1. Jesús es condenado a muerte
“(…) Mi padre era un arameo errante: bajó a Egipto y residió allí con unos pocos hombres; allí se hizo un pueblo grande, fuerte y numeroso.” (Dt 26, 5)
Estación: Jesús es condenado a muerte: transcripción
Aunque la movilidad humana, en sus distintas modalidades (por motivo de estudios, de trabajo, de perfeccionamiento profesional, por turismo, por búsqueda de mejoras socioeconómicas y también por refugio forzoso) sea un fenómeno creciente en nuestros días, apunta a una realidad antropológica y cultural de todos los tiempos. Desde los orígenes de la humanidad los distintos pueblos buscaron mejores condiciones de vida. El pueblo de Israel interpretó esos mismos orígenes desde la clave de experiencia de Dios y así leyó desde la fe la itinerancia de los primeros patriarcas (Abraham, Isaac y Jacob) como la marcha hacia una tierra prometida y donada por Dios. Esa conciencia de los orígenes de ser un pueblo de migrantes no quedó como mera cuestión cronológica de los inicios del pueblo, sino que además marcó su identidad y su relación con la tierra donde habitar, tierra recibida como don gratuito fruto de la promesa. Así leemos en Deuteronomio 26,1-13:
Cuando entres en la tierra que el Señor, tu Dios, va a darte en heredad, cuando tomes posesión de ella y la habites, tomarás primicias de todos los frutos que coseches de la tierra que va a darte tu Dios, los meterás en una cesta, irás al lugar que el Señor, tu Dios, haya elegido para morada de su Nombre, y dirás: Hoy confieso ante el Señor, mi Dios, que he entrado en la tierra que el Señor juró a nuestros padres que nos daría a nosotros. […] y recitarás ante el Señor, tu Dios: Mi padre era un arameo errante: bajó a Egipto y residió allí con unos pocos hombres; allí se hizo un pueblo grande, fuerte y numeroso. Los egipcios nos maltrataron y nos humillaron, y nos impusieron dura esclavitud. Gritamos al Señor, Dios de nuestros padres, y el Señor escuchó nuestra voz; vio nuestra miseria, nuestros trabajos, nuestra opresión. El Señor nos sacó de Egipto con mano fuerte, con brazo extendido, con terribles portentos, con signos y prodigios, y nos trajo a este lugar y nos dio esta tierra, una tierra que mana leche y miel. […] Así cuando termines de repartir el diezmo de todas tus cosechas, y se lo hayas dado al levita, al inmigrante, al huérfano y a la viuda para que coman hasta hartarse en tus ciudades, recitarás ante el Señor, tu Dios: He apartado de mi casa lo consagrado: se lo he dado al levita, al inmigrante, al huérfano y a la viuda, según el precepto que me diste. No he quebrantado ni olvidado ningún precepto.
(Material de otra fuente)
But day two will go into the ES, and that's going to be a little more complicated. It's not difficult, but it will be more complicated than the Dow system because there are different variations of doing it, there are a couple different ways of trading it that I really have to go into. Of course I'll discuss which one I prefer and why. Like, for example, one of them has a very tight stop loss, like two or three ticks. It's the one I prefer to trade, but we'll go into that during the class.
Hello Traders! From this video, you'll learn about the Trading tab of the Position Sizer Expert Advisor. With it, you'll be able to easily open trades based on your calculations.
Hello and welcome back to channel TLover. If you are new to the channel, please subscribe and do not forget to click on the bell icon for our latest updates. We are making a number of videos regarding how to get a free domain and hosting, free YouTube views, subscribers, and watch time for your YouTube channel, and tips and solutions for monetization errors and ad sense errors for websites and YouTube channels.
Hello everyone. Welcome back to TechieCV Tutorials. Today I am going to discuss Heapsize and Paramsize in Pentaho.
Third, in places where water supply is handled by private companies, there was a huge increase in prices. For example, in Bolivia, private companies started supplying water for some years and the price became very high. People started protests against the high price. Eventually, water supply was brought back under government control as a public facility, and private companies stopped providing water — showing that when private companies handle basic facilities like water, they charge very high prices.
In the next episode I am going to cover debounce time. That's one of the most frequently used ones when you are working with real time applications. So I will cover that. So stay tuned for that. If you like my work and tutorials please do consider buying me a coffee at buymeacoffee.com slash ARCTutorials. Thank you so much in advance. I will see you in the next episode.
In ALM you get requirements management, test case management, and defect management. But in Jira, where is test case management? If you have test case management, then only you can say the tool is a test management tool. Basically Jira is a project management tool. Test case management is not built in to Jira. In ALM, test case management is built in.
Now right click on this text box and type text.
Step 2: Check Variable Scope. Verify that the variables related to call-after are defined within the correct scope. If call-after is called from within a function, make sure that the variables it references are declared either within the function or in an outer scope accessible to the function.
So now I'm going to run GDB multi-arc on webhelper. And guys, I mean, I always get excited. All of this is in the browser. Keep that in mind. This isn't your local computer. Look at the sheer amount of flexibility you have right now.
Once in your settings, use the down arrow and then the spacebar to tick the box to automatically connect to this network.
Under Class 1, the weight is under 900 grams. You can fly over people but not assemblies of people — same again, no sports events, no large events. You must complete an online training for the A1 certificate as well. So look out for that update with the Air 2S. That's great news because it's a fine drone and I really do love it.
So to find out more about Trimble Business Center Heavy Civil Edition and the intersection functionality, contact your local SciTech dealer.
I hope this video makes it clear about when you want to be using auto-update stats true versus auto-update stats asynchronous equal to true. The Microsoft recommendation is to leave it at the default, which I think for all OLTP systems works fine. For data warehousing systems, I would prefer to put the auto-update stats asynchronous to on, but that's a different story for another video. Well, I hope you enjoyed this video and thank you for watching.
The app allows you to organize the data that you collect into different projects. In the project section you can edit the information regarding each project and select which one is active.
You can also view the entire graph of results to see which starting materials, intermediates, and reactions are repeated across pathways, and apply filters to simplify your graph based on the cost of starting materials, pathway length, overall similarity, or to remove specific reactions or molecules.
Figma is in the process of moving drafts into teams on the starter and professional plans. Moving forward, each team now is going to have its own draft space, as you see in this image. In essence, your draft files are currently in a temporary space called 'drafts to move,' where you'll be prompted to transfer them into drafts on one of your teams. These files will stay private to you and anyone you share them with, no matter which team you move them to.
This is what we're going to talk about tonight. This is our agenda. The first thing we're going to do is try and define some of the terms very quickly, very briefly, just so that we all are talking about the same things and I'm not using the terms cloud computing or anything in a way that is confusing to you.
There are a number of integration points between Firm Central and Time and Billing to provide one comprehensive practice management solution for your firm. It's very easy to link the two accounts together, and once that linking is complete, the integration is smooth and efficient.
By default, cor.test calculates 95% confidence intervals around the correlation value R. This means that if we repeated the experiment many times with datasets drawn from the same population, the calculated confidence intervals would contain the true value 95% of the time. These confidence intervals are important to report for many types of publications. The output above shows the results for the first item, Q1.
Ante los que hoy siguen condenando a muerte, sin juicio ni proceso, sin otra acusación que el lugar donde han nacido y del que quieren salir y tienen que salir, solo cabe una propuesta: hacer memoria de nuestra identidad como hijos e hijas de “arameo errante”. Recorrer nuestra propia historia de desplazamientos, unos libres y otros más o menos forzados, nos lleva a recibir nuestras actuales condiciones de vida como dones, el don de habitar espacios tranquilos y prósperos. Pero estos dones no son derechos absolutos o adquiridos por nuestras propias fuerzas; son dones destinados a ser adquiridos para ser compartidos, y compartidos no solo con los nuestros; también con las personas que lo necesitan en su condición de inmigrantes, huérfanos y viudas.